▸ **EXERCISE INSTRUCTIONS**
Quote the whole listing word for word. Do not include the pictures.
# # # # # # #
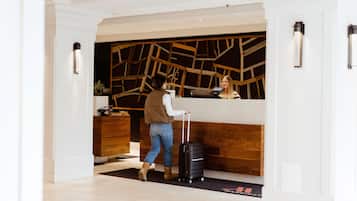 Mostrador para check-in y check-out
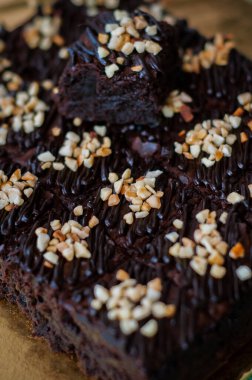 Çikolatalı kek Brownie Squares Çikolatalı Nutella ve Cevizli. Yakın görünüm, seçici odak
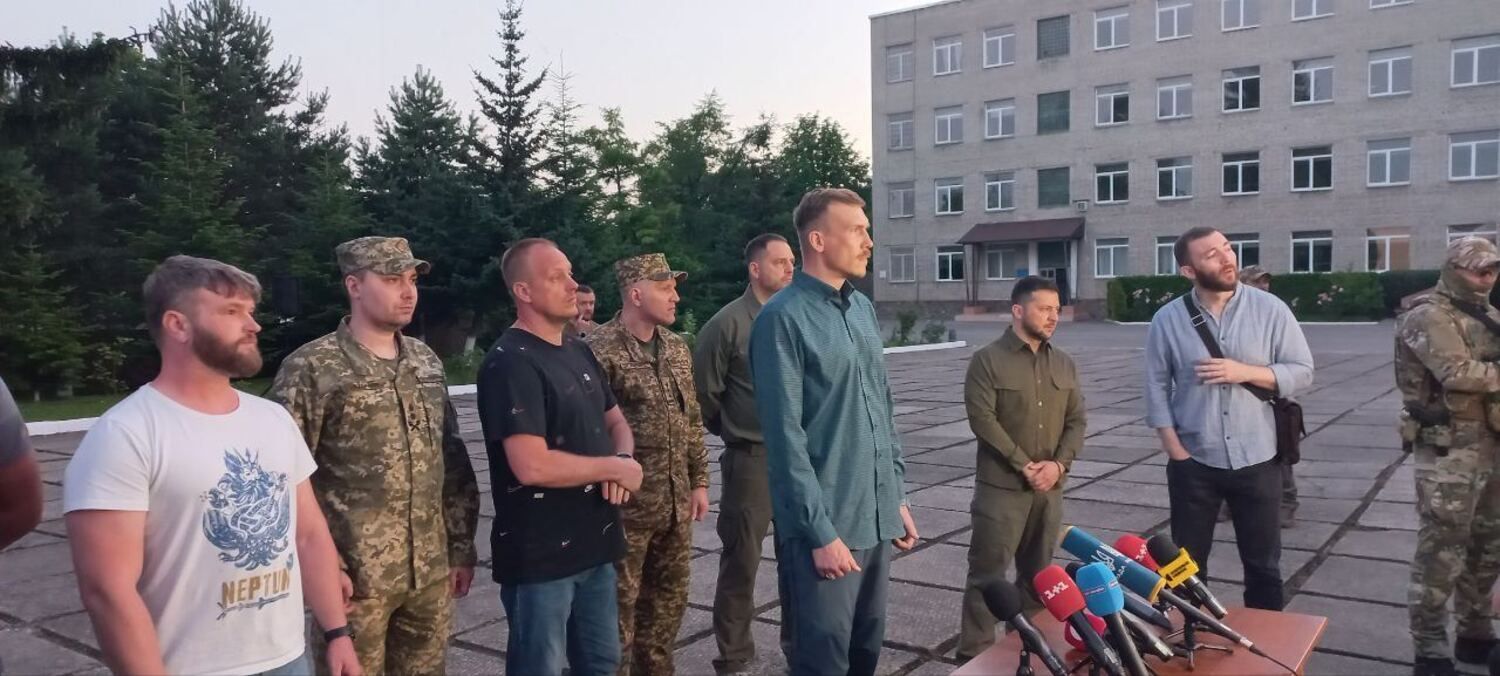 Командиры Азовстали вернулись в Украину – первые слова воинов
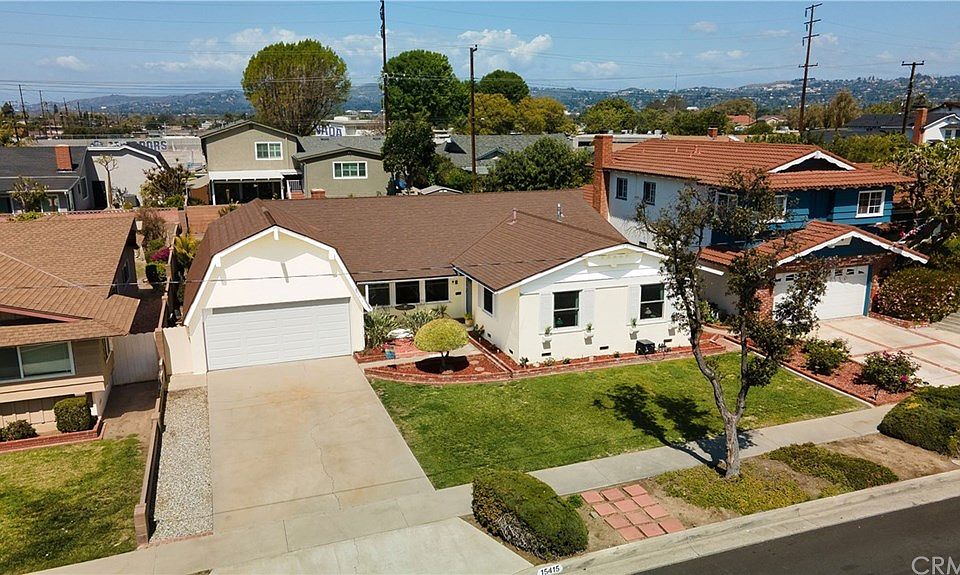 1st image of 15415 Fairacres Dr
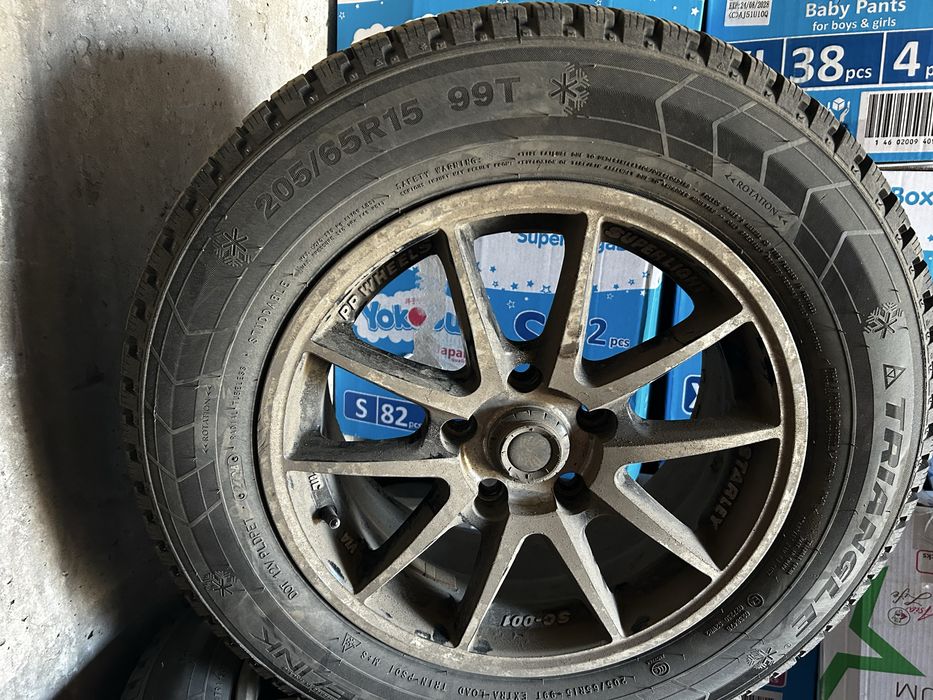 Продам летнею резину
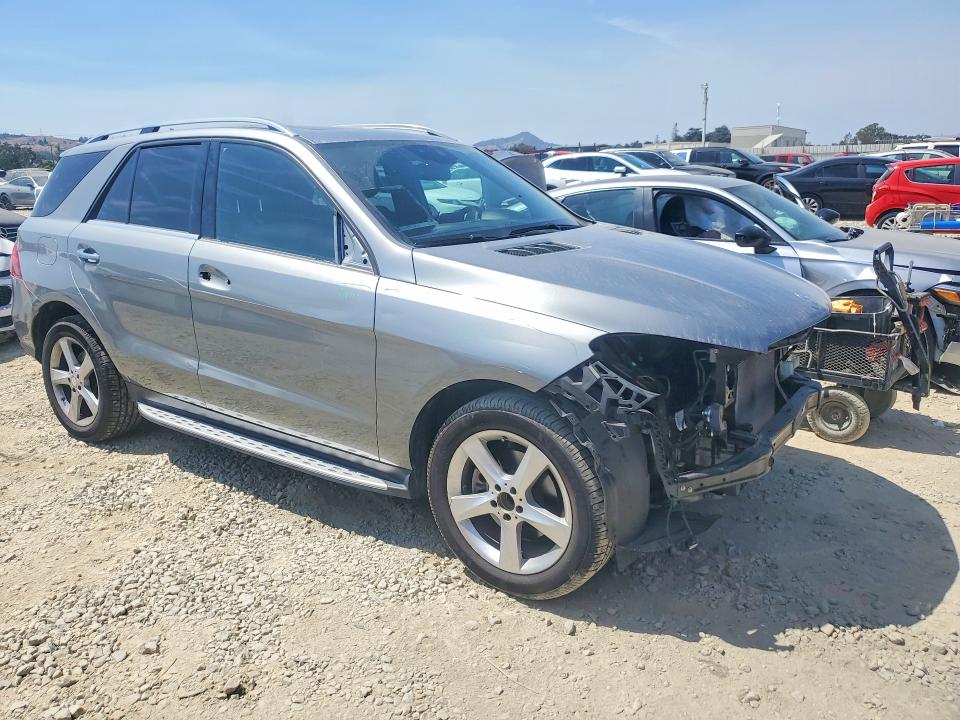 65099266 :رقم المزاد ، 4JGDA5HB5GA720797 vin ، 2016 Mercedes-benz Gle مزاد بيع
# # # # # # #
▸ **REPLY**
 Mostrador para check-in y check-out
 Çikolatalı kek Brownie Squares Çikolatalı Nutella ve Cevizli. Yakın görünüm, seçici odak
 Командиры Азовстали вернулись в Украину – первые слова воинов
 1st image of 15415 Fairacres Dr
 Продам летнею резину
 65099266 :رقم المزاد ، 4JGDA5HB5GA720797 vin ، 2016 Mercedes-benz Gle مزاد بيع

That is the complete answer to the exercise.